Photo: C. Scales for BHB

Share this Story:

, , , , , , ,

  • Angela De Marco

    Anyone who believes that politics will not influence a decision is delusional.

  • Jorale-man

    I think Jo Anne Simon is correct when she says “studies have consistently shown that increasing roadway capacity does not reduce congestion, but rather incentivizes roadway use and produces higher traffic volumes.”
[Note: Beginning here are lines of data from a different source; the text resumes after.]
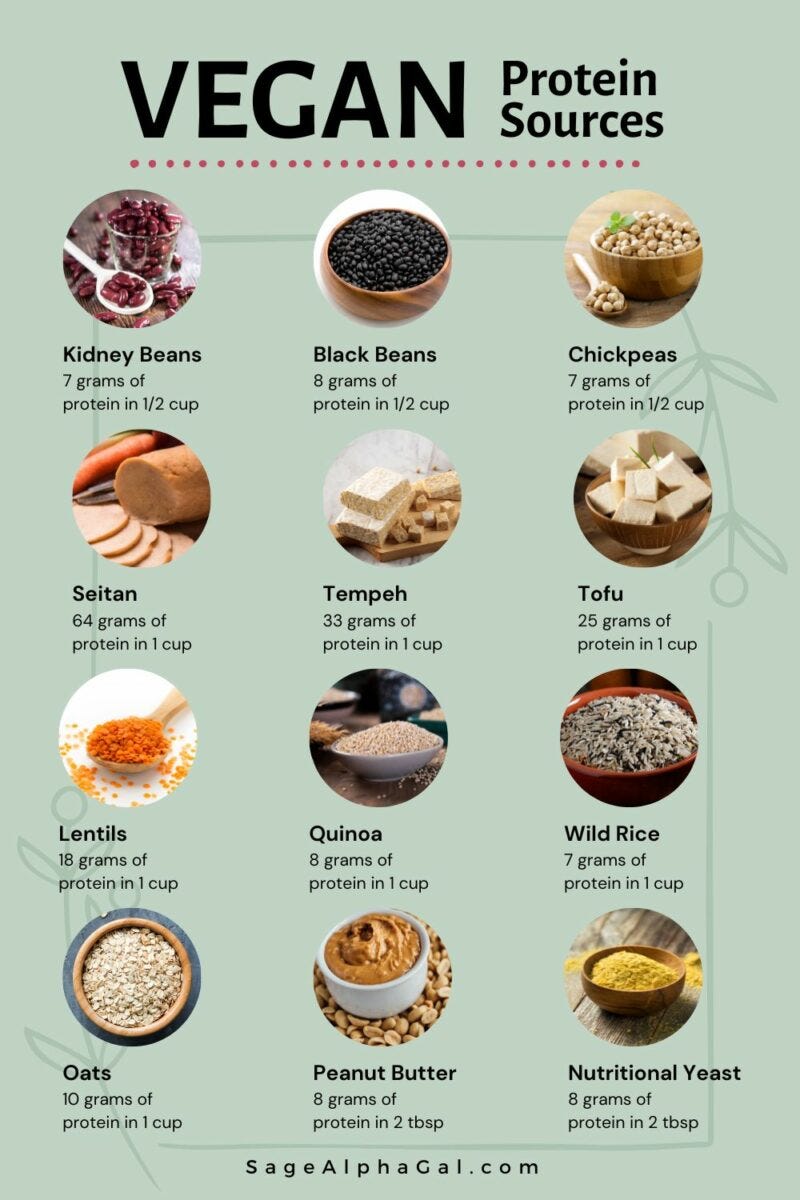 Adopting a Plant-Based Lifestyle: Best Vegan Protein Options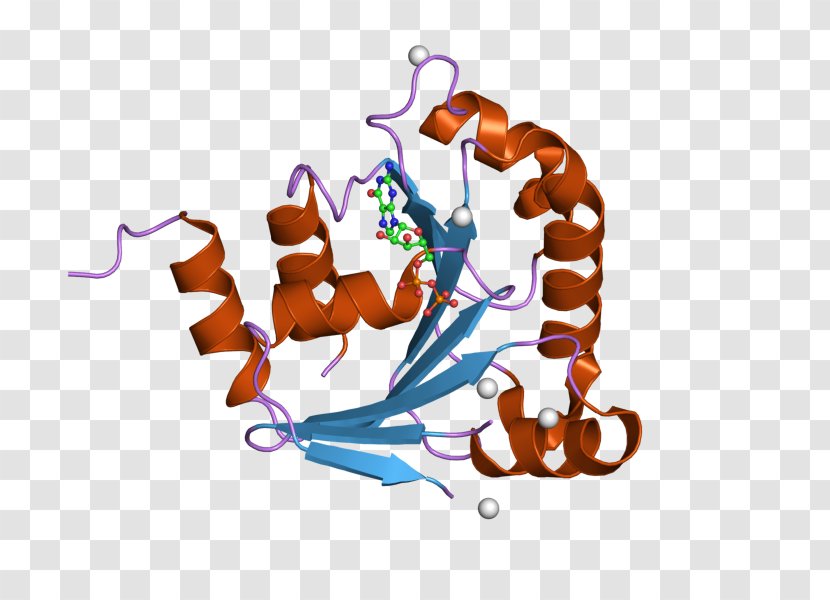 ARL8B ARL8A ADP Ribosylation Factor Human Protein - Adp Llc Transparent PNG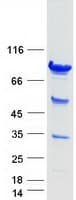 Human ARID3A / DRIL1 Protein (Recombinant Myc-DDK (Flag))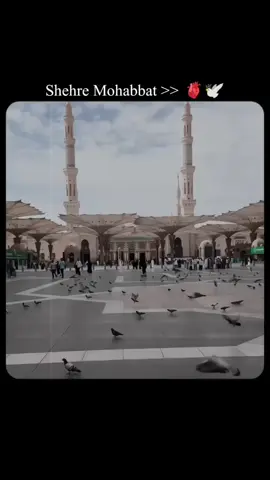 wo shehry mohabat ❣️🤍🥀#muhammadصَلَّى_اللّٰهُ_عَلَيْهِ_وَسَلَّم #madina #islamic_video #viraltiktok #creatorsearchinsights 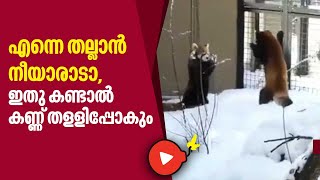 എന്നെ തല്ലാന്‍ നീയാരാടാ, ഇതു കണ്ടാല്‍ കണ്ണ് തളളിപ്പോകും | Red Panda Fighting | Viral Video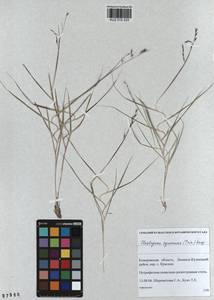 Cleistogenes squarrosa (Trin.) Keng, Siberia, Altai & Sayany Mountains (S2) (Russia)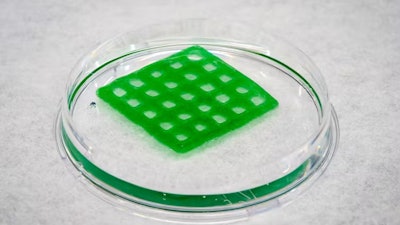 The grid shape of the material helps the bacteria take in carbon dioxide.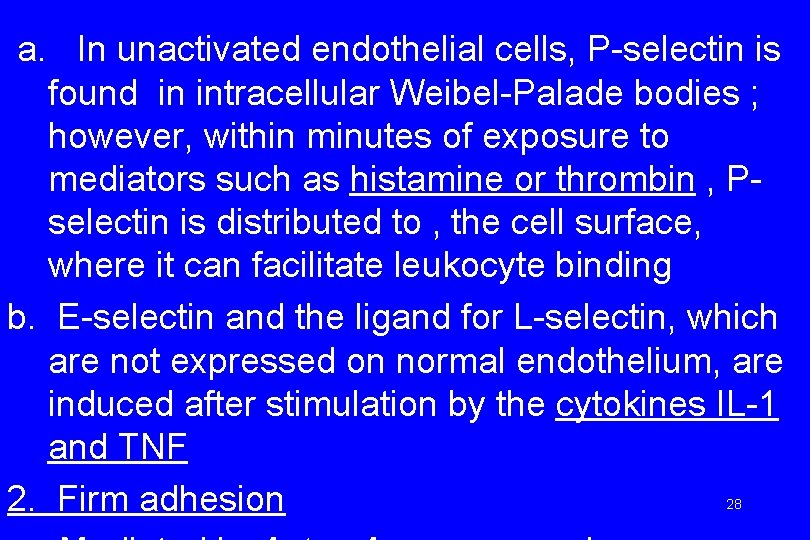 a. In unactivated endothelial cells, P-selectin is found in intracellular Weibel-Palade bodies ; however,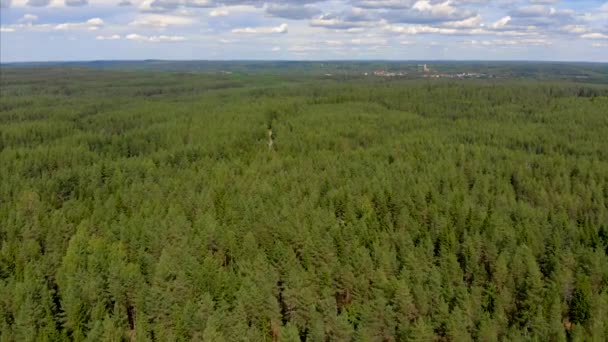 Imágenes Drones Sobre Profundo Bosque Pinos Suecia — Vídeo de stock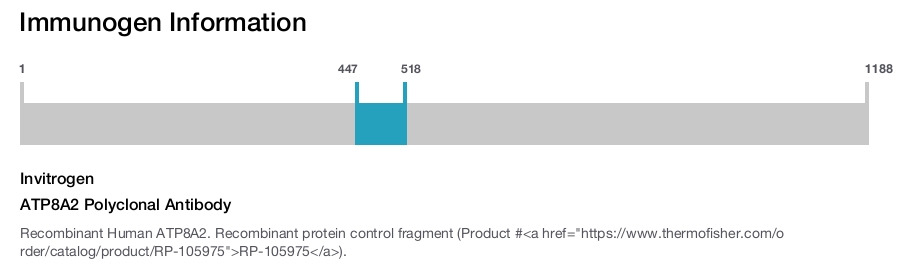 ATP8A2 Polyclonal Antibody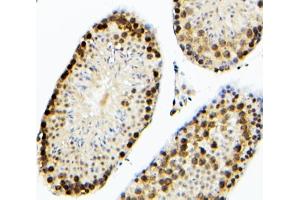 IHC analysis of SOX15 using anti-SOX15 antibody (ABIN6719624). (SOX15 抗体  (AA 1-233))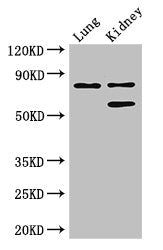 P3H2 Antibody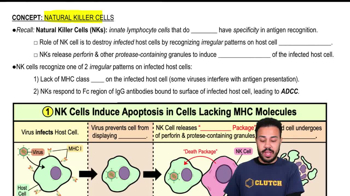 Natural Killer Cells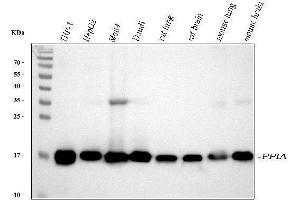 Western blot analysis of Cyclophilin A using anti-Cyclophilin A antibody (ABIN5518864). (PPIA antibody  (AA 116-165))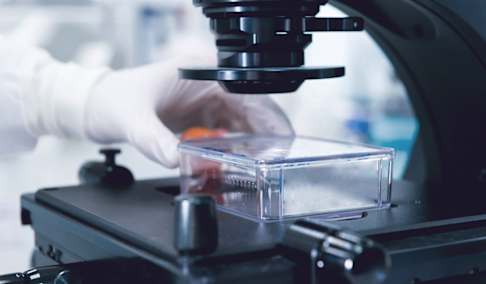 Cell and gene therapy forecasting: Critical factors to getting it right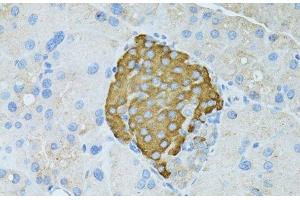 Immunohistochemistry of paraffin-embedded Rat pancreas using TEFM Polyclonal Antibody at dilution of 1:100 (40x lens). (TEFM anticorps)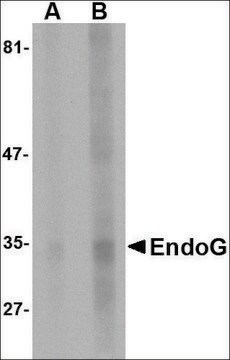 Monoclonal Anti-EndoG antibody produced in mouse clone 7F2D7, purified immunoglobulin, buffered aqueous solution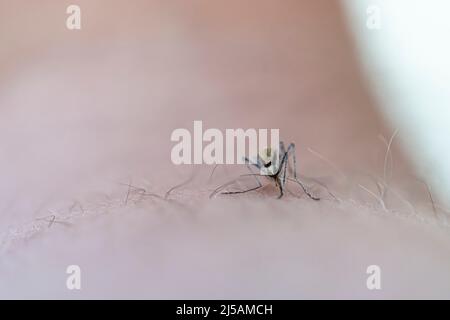 Gefährliche Malaria Infizierte Moskito Haut Biss. Leishmaniose, Encephalitis, Gelbfieber, Dengue, Malaria, Mayaro Zika Virus Infektiöse Culex Stockfoto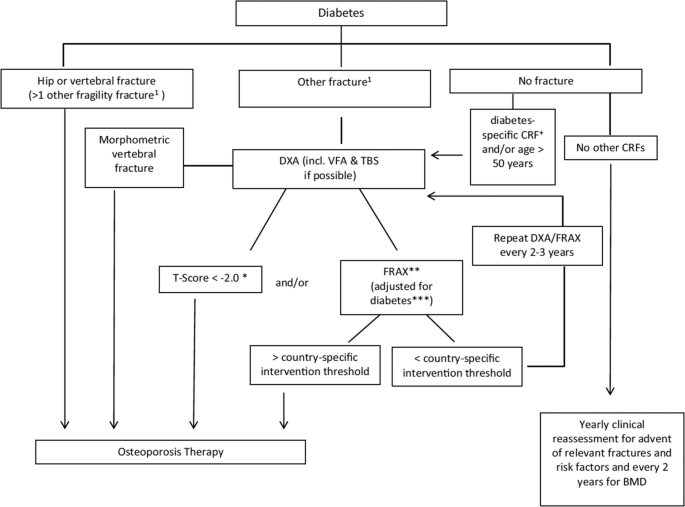 Efficacy of Osteoporosis Medications in Patients with Type 2 Diabetes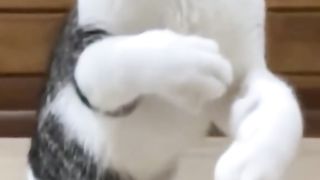 Funny Cat Viral Video 66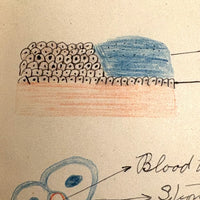 1901 Pathology/Bacteriology Marbled Cover Notebook with Gorgeous Colored Pencil Illustrations Throughout, NYC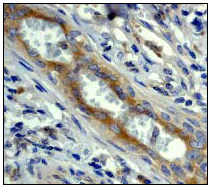 Immunohistochemistry (Formalin/PFA-fixed paraffin-embedded sections) - Anti-CAD antibody [EP711Y] (AB40765)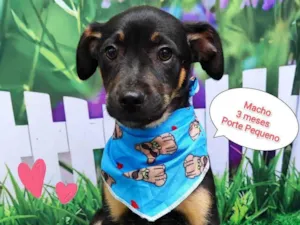 Cachorro raça SRD-ViraLata idade 2 a 6 meses nome Yan 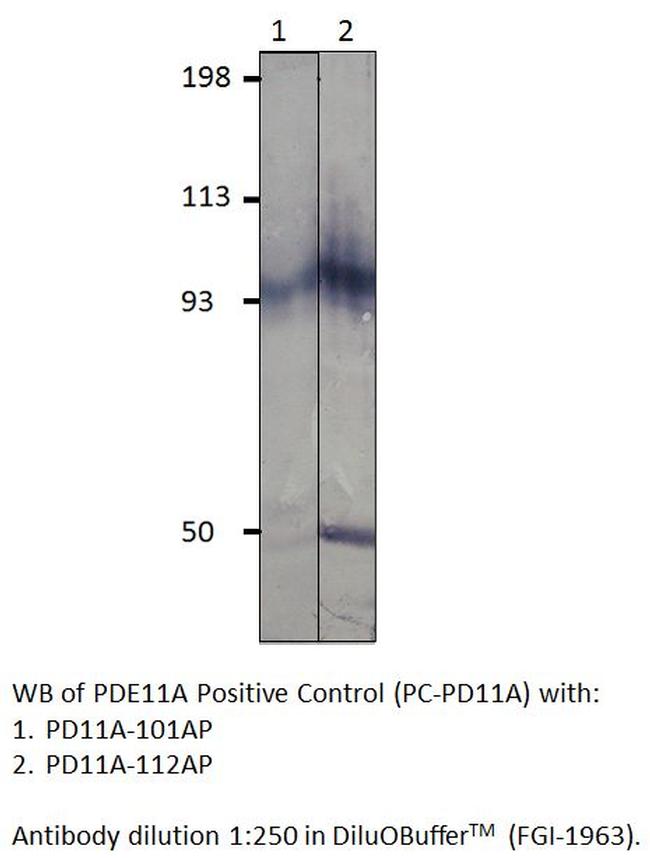 PDE11A Antibody in Western Blot (WB)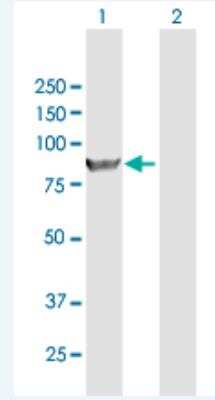 Western Blot: KIF3A Antibody [H00011127-B01P-50ug]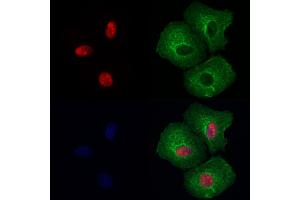 NUCL Antibody staining Hela cells by IF/ICC.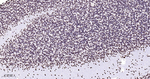 hnRNP U Antibody in Immunohistochemistry (Paraffin) (IHC (P))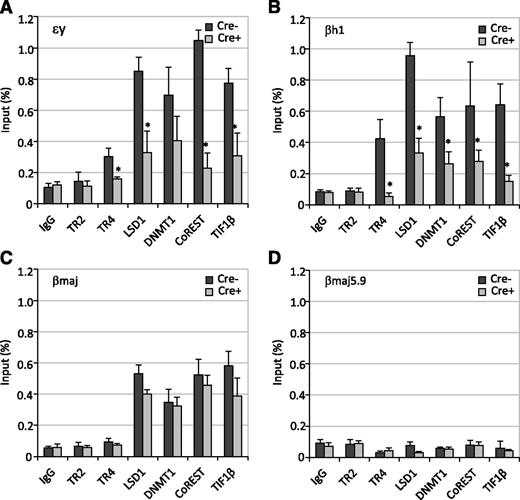 Figure 5. Genetic loss of Tr2/Tr4 abolishes the chromatin occupancy of TR2/TR4 and their cofactors at the DR-binding sites in the embryonic globin gene promoters. The binding of TR2/TR4 and other corepressors to select murine β-like globin gene promoters: εy (A), βh1 (B), and βmaj (C) as well as to an irrelevant control sequence located 5.9 kbp 5′ to the βmaj promoter (D) in infected Lin− cells were analyzed in ChIP experiments. Statistically significant enrichment of the orphan receptors and/or the cofactors at the promoters and control sequence is indicated in comparison with the control IgG values (indicated with asterisks; *P < .05).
    Also see: “Widening Highways Doesn’t Fix Traffic. So Why Do We Keep Doing It?”

  • Cranberry Beret

    If you think Eric Adams is going to pay attention to logic or the results of some academic studies, then I have a bridge (or two) to sell you.

  • JamesM

    Does anyone seriously think that when you reduce the lanes to two that traffic will mysteriously disappear? How many north-south axis’ are going through Brooklyn/Queens/Manhattan one can choose from? Anyone who is not taking public transportation because it takes 2.5 hours to get from home to work and it requires multiple means of transportation magically switches to public transportation? When I come from Long Island from work I have noticed the difference in traffic since the cantilever has become 2 lanes. Going on the BQE south after the kozciusko bridge can take 45 minutes to the Tillary Street exit. Guess what I do? I get off the BQE and drive through Williamsburg to the heights locally like so many others. You are just moving the problem from the BQE into the local neighborhoods.

  • Carlo Trigiani

    Agreed. All those elected officials, who supposedly represent our local interests, obviously haven’t experienced the traffic backed up on Hicks and Henry and Atlantic Avenue. Crossing Atlantic on foot with the light is always dangerous, certainly worse since the BQE was reduced to two lanes. Logic would tell you what we need in areas of congestion, Brooklyn and Manhattan Bridges, is four lanes in each direction. Certainly not two! This is common sense.

  • Mike Suko

    I think what you and many others miss is that except for zealous fools, NOBODY believes that this or that lane or road closure will magically reduce the number or duration of traffic jams.

    Rather, it’s a multi-pronged and multi-year effort (hard to communicate in 2023) that combines IMPROVING public transit options with disincentives to driving. Of course, if drivers use the political process to thwart things like congestion pricing, ideas like lane closures become MORE attractive, because (as with masks) “your” freedom to drive comes at the expense of a kid with asthma! None of us knows how many single occupancy vehicles on the BQE represent caustic “Heck, owning a car in NYC sure costs enough, so I’m gonna use it every chance I get.”

    We need something dramatic – “trucks and buses and cabs and ambulances ONLY” on that “miracle mile” from 10-4, say.” Subways really are “too big to fail,” but as with medical costs, if we don’t bend the deficit curve, millions will lose out. $Trillions on road repair is part of the reason community colleges aren’t free.

    Manhattan x-town traffic moves more slowly than a person walks. There’s really only 1 viable response!

  • Jorale-man

    Yes, I don’t expect Adams to see things with such a perspective but I would hope that his transportation commissioner could bring to light what the data and research says (whether or not Adams listens is another story).